The next three months saw an unceasing advance. While the British regrouped, the Americans launched their first major offensive of the war and pinched out the St Mihiel salient. By the end of September the British were ready to move again, and while the French and the Americans attacked in the Meuse—Argonne area, the British and Belgians, with French support, stormed the Hindenburg Line. Once again this was the task of the infantry and the tanks; the cavalry did the mopping up.
‘We’ll get our chance, one day, Murdoch,’ Kavanagh told him as they sat on their horses and watched the lancers bringing in a steady stream of German soldiers. ‘Once we’re through the Hindenburg Line, there’s open country. No entrenchments, no pillboxes, nothing, all the way back to Berlin.
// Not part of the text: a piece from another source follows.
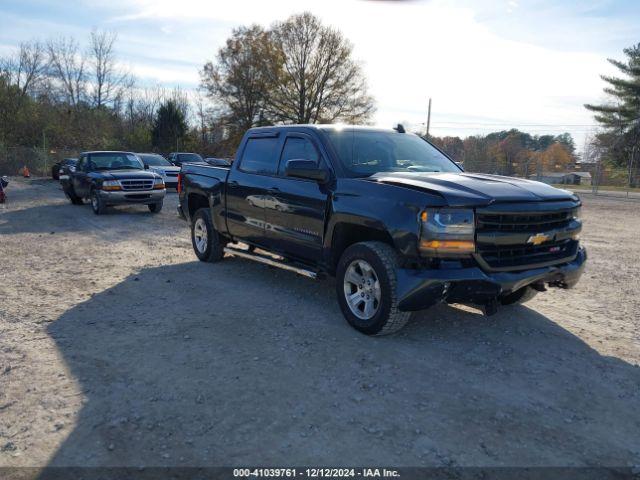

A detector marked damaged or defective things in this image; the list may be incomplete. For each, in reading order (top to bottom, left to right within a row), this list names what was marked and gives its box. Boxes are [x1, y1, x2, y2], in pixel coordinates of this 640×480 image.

damaged front bumper [398, 248, 588, 312]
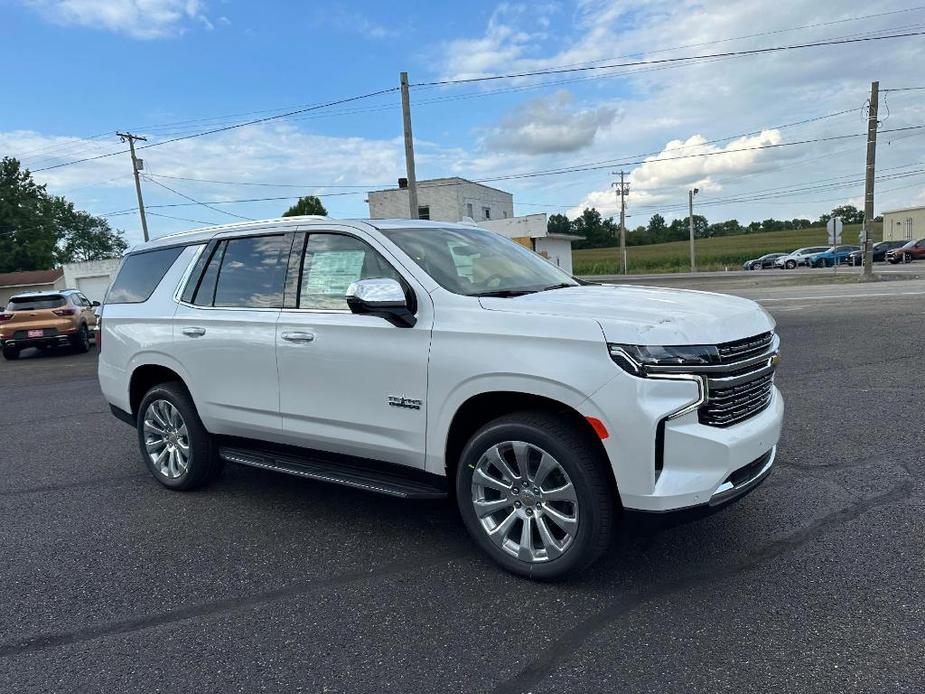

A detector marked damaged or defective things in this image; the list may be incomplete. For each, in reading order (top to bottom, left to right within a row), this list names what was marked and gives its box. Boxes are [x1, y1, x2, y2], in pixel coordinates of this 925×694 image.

cracked pavement [0, 286, 920, 692]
We’ll hav
e to cross the Rhine, of course. But we’ll swim our horses across that, eh?’
‘Yes, sir,’ Murdoch agreed, but he knew better. He stroked the neck of Mars, Jupiter’s replacement, and thought to himself: You’ll never lead a charge, young fellow. So maybe you’ll live to a ripe old age.
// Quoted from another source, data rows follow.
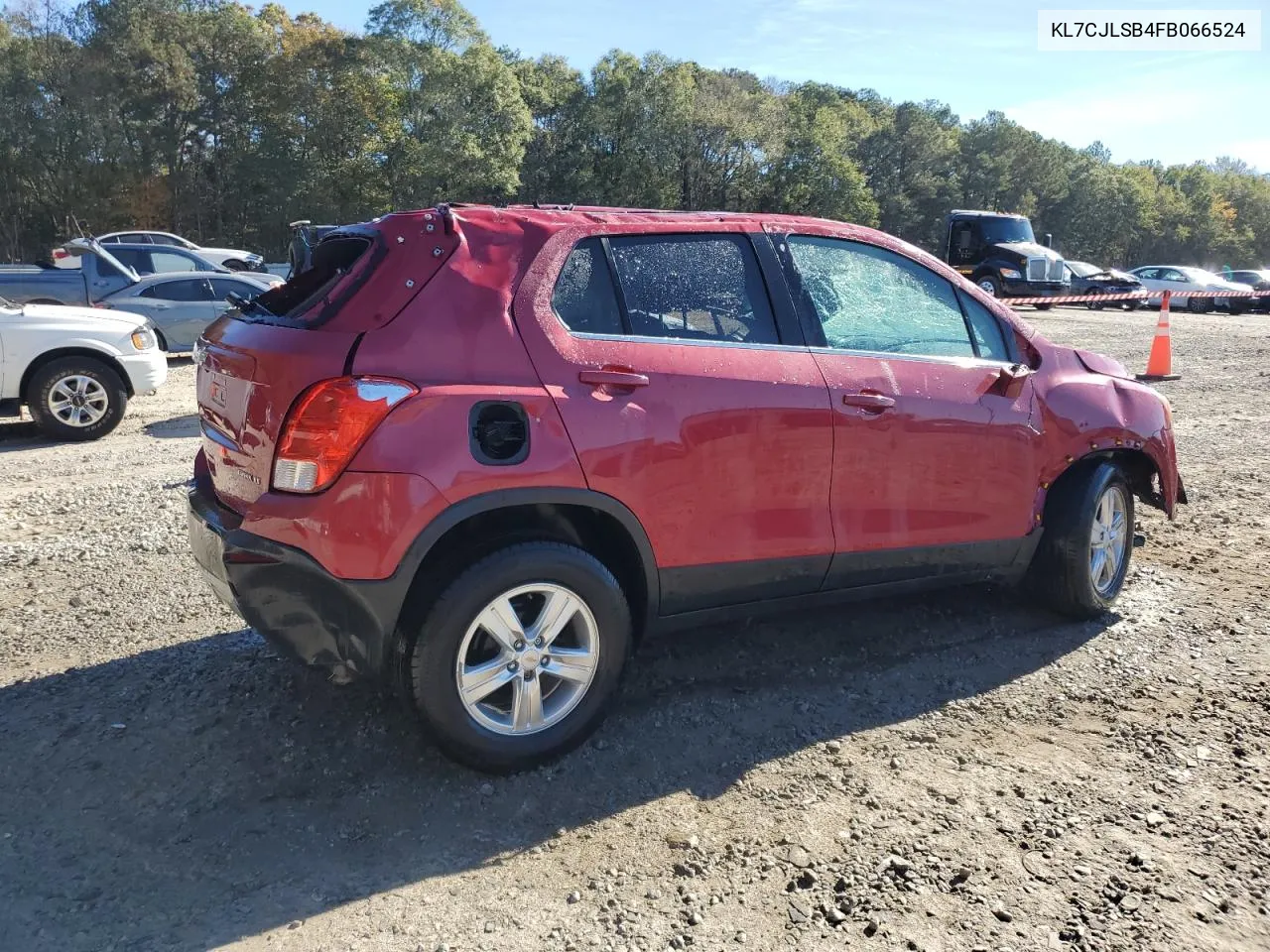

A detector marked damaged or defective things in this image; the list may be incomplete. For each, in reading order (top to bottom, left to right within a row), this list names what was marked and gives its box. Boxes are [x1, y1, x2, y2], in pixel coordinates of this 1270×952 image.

shattered window [552, 238, 627, 335]
shattered window [611, 235, 778, 345]
shattered window [794, 236, 972, 359]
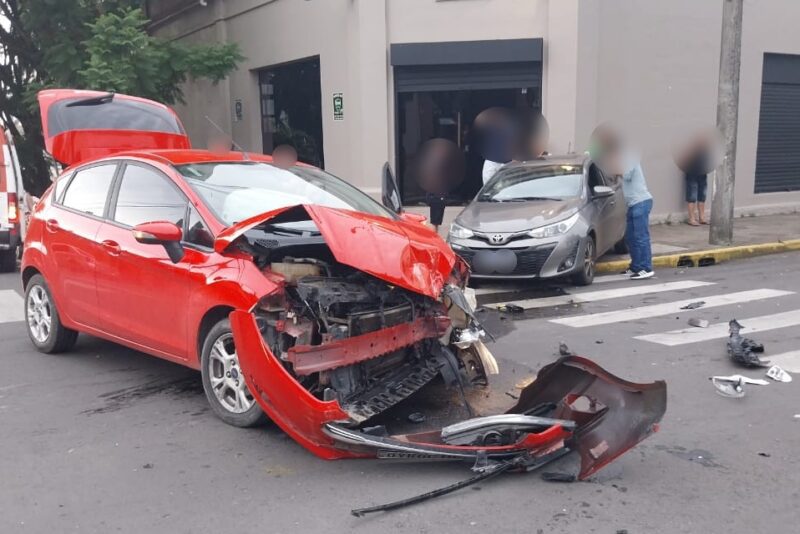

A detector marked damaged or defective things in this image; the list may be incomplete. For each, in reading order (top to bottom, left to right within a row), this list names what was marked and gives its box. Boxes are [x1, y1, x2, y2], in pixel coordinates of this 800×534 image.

crumpled hood [456, 198, 580, 233]
crumpled hood [216, 205, 454, 300]
broken car part [724, 320, 768, 370]
severely damaged bumper [233, 310, 668, 478]
broken car part [764, 366, 792, 384]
A month later the Germans asked for an armistice.
Part Two: The General
Chapter Six: England 1918-23
The world seemed to stand still. The brigade was unsure what to do, caught in the middle of rounding up another batch of surrendered Germans. Were they still to be treated as enemies?
A wireless conversation with divisional headquarters assured Murdoch that they were, but that all German units were supposed to lay down their arms where they were, and await further orders. Obviously there might be one or two who would not do that...but those were the responsibility of the line troops.
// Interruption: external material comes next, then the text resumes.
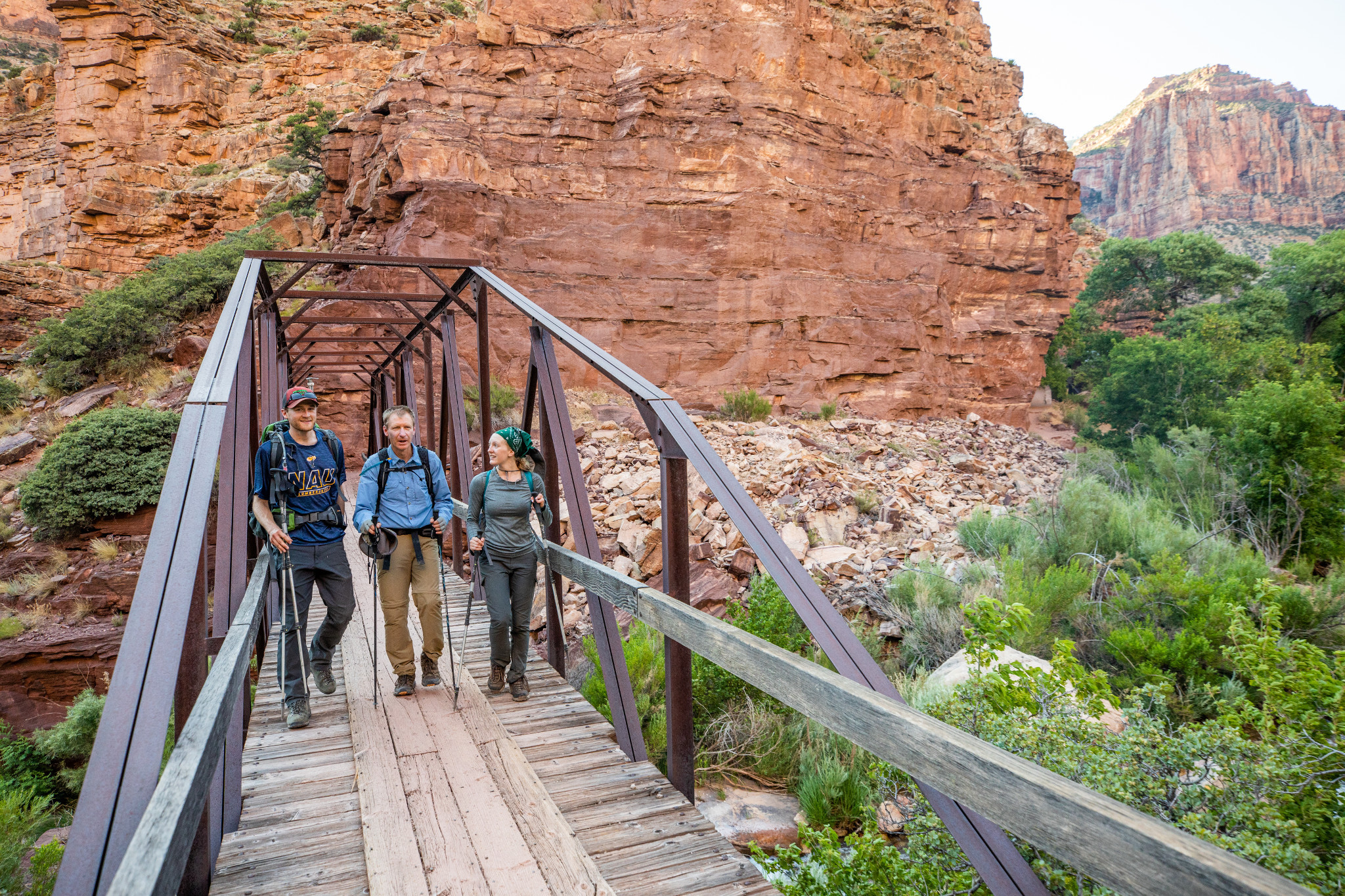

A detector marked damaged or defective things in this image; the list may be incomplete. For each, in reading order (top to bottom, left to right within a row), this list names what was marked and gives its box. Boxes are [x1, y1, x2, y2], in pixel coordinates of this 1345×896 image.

rusted steel beam [242, 251, 479, 268]
rusted steel beam [527, 326, 642, 763]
The brigade returned to its cantonments, and men looked at each other and scratched their heads. Their officers sat down and lit cigarettes and tried to think about what might happen now; more than half of them had joined the army after 1914, would never have dreamed of a military career before then, and did not consider one now. And yet, the thought of returning to university or office, of learning or persuading rather than commanding, of being able to plan what one might be doing in a year’s time and knowing that one would be alive to make it happen, of not being constantly afraid, was itself a frightening one.
Murdoch poured John Proud and himself a glass of good Armagnac each, and raised his own. ‘Peace.’